**Work instructions:** For the data that follows, print the line with "The Bordeaux we're", the line with "Without further ado, I", and all lines between them, exactly as they stand. Omit pictures and add nothing.

**Collected data:**
------------------------------------------------------------

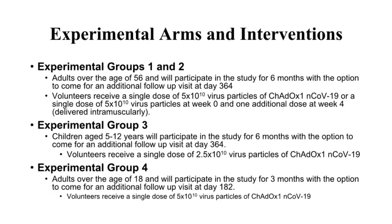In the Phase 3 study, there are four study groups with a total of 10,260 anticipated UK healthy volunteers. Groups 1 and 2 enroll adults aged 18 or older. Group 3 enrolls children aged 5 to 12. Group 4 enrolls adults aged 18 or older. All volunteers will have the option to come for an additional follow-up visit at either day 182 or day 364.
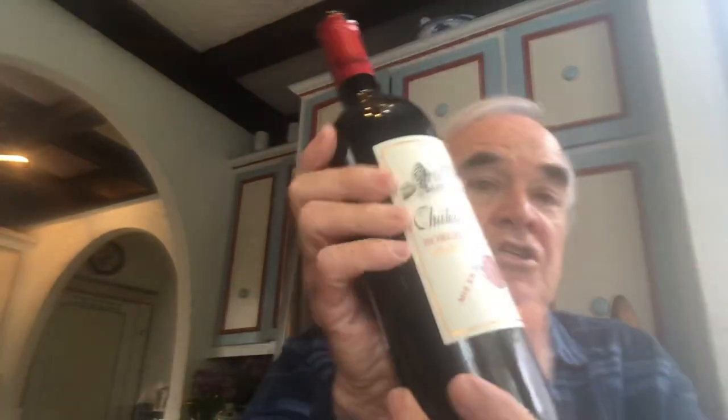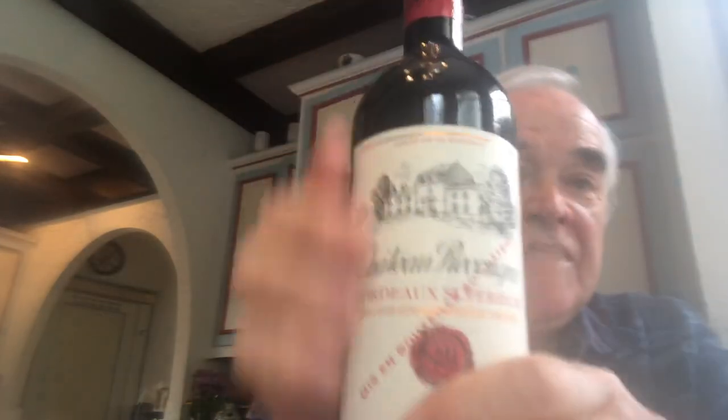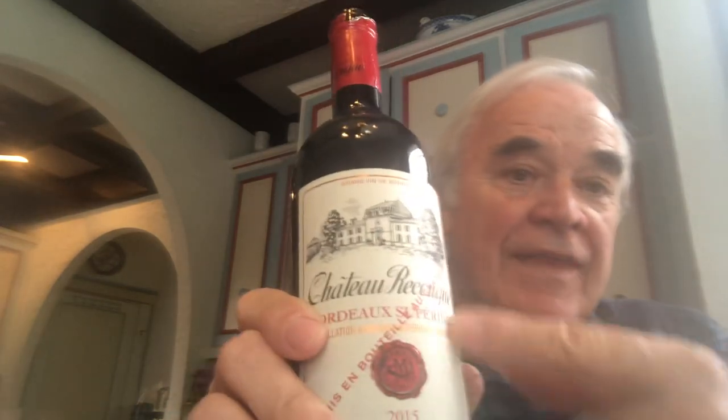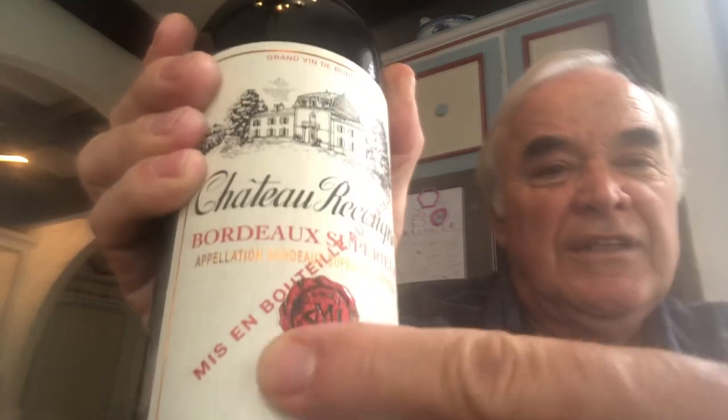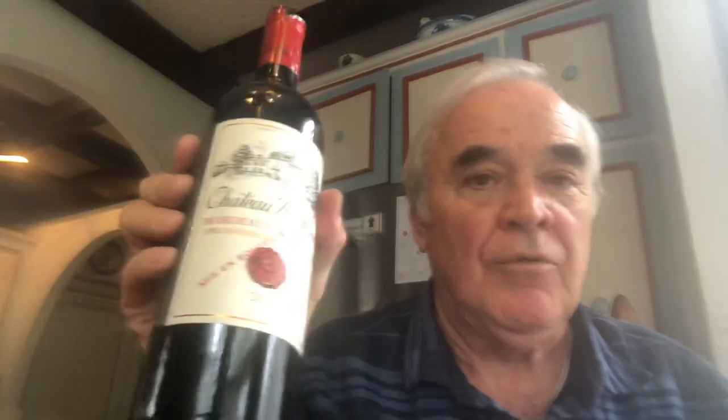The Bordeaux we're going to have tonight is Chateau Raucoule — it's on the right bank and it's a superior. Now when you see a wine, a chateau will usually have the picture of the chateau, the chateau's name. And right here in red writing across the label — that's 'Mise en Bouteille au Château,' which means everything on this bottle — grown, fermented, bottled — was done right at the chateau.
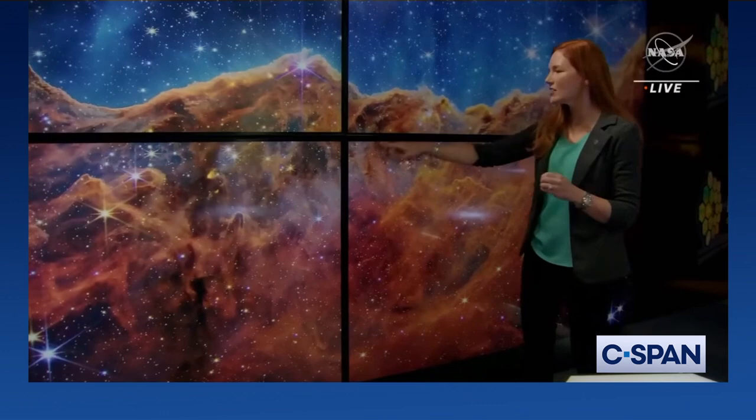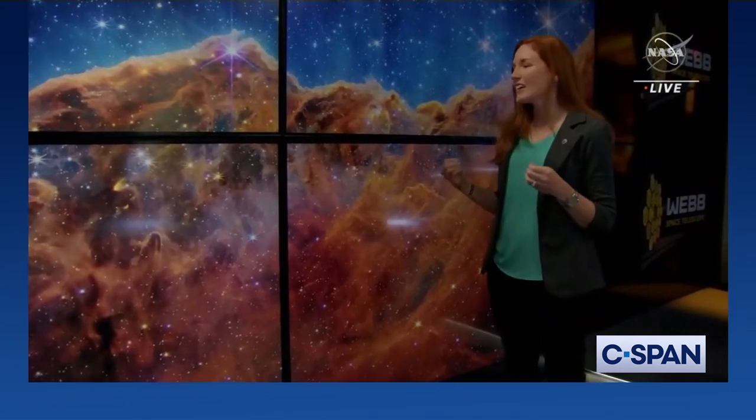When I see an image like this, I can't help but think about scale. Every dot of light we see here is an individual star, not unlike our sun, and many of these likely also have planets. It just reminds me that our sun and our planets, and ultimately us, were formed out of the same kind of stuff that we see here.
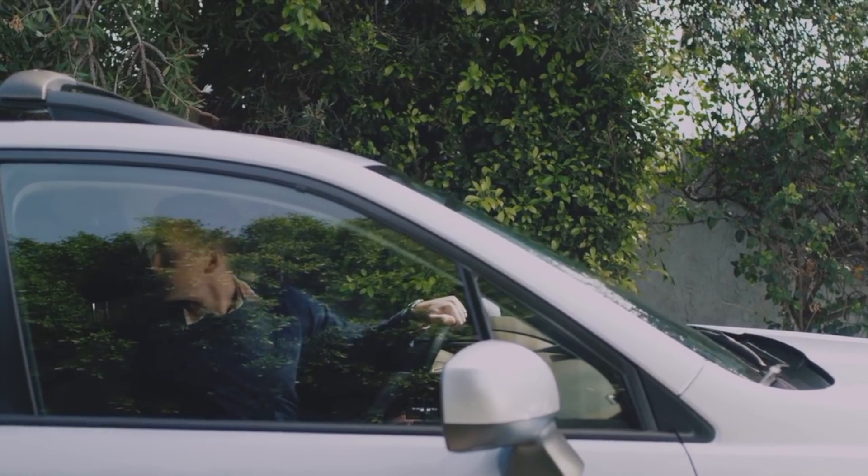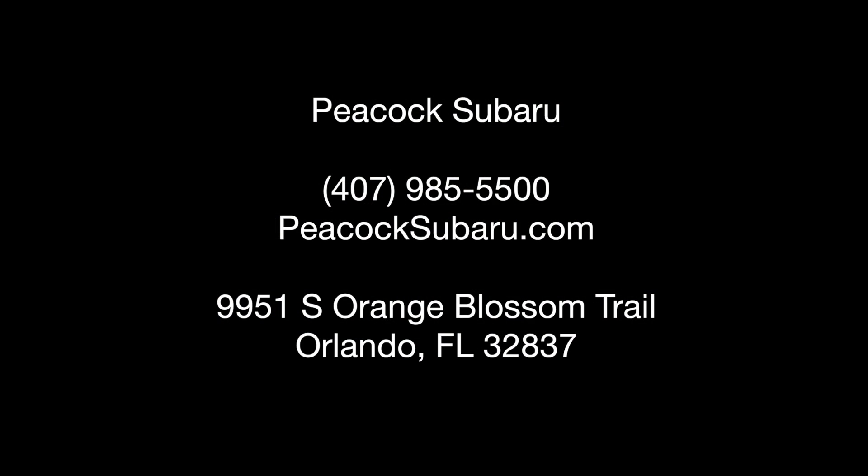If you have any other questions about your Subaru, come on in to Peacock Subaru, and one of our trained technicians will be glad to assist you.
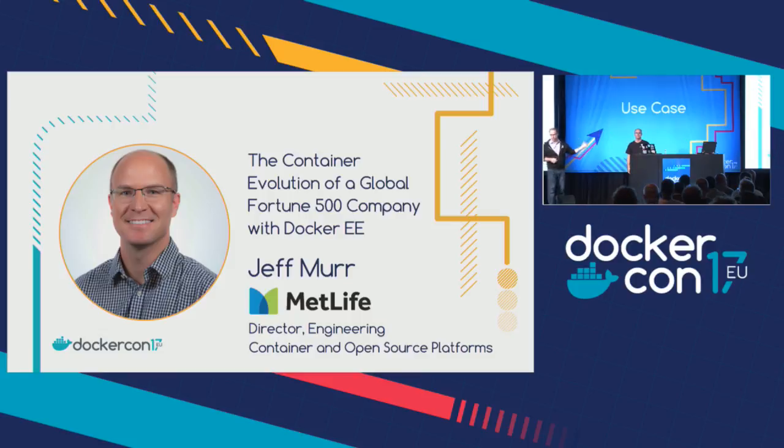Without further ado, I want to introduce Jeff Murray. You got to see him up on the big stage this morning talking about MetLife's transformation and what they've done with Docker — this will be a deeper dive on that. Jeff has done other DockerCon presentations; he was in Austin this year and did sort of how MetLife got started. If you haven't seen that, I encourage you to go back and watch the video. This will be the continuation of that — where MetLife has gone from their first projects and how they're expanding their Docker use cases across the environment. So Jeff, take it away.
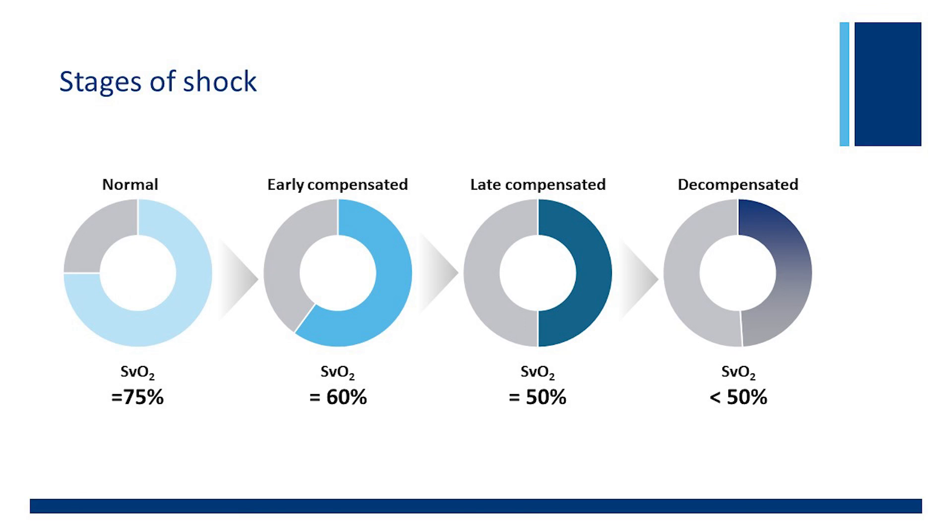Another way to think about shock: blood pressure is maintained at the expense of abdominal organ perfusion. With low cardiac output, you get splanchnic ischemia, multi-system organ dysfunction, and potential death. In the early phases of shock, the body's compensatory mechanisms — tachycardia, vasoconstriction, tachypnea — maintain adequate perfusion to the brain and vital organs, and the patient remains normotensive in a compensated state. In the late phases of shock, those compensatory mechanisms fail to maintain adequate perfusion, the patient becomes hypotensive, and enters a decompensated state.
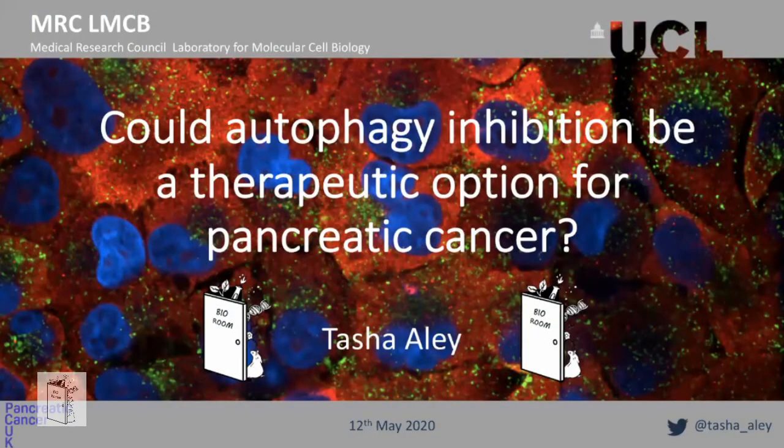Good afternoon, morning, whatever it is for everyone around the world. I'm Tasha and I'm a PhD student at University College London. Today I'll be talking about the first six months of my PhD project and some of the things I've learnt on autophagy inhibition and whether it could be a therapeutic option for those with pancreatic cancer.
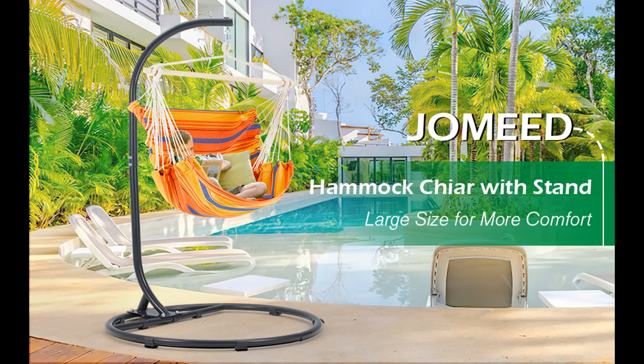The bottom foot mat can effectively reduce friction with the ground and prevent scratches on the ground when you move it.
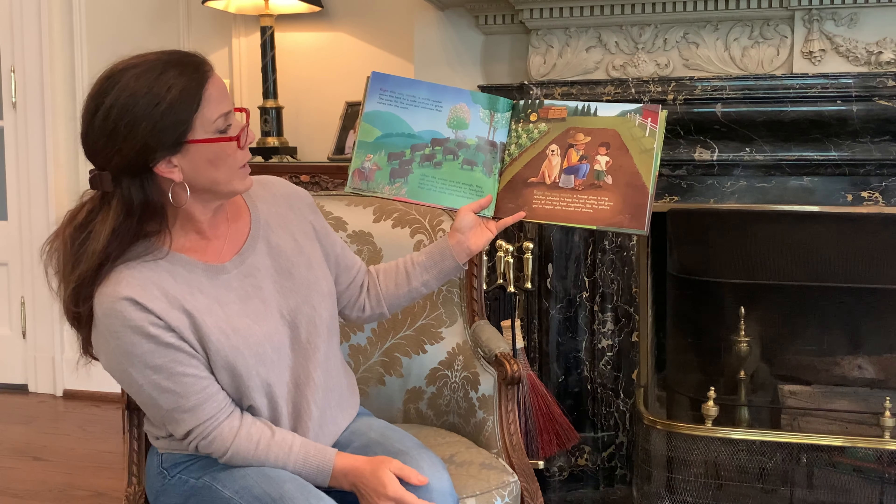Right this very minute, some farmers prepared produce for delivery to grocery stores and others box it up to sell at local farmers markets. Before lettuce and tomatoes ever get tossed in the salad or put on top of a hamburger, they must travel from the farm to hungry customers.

------------------------------------------------------------

**Answer space:**
The Bordeaux we're going to have tonight is Chateau Raucoule — it's on the right bank and it's a superior. Now when you see a wine, a chateau will usually have the picture of the chateau, the chateau's name. And right here in red writing across the label — that's 'Mise en Bouteille au Château,' which means everything on this bottle — grown, fermented, bottled — was done right at the chateau.
When I see an image like this, I can't help but think about scale. Every dot of light we see here is an individual star, not unlike our sun, and many of these likely also have planets. It just reminds me that our sun and our planets, and ultimately us, were formed out of the same kind of stuff that we see here.
If you have any other questions about your Subaru, come on in to Peacock Subaru, and one of our trained technicians will be glad to assist you.
Without further ado, I want to introduce Jeff Murray. You got to see him up on the big stage this morning talking about MetLife's transformation and what they've done with Docker — this will be a deeper dive on that. Jeff has done other DockerCon presentations; he was in Austin this year and did sort of how MetLife got started. If you haven't seen that, I encourage you to go back and watch the video. This will be the continuation of that — where MetLife has gone from their first projects and how they're expanding their Docker use cases across the environment. So Jeff, take it away.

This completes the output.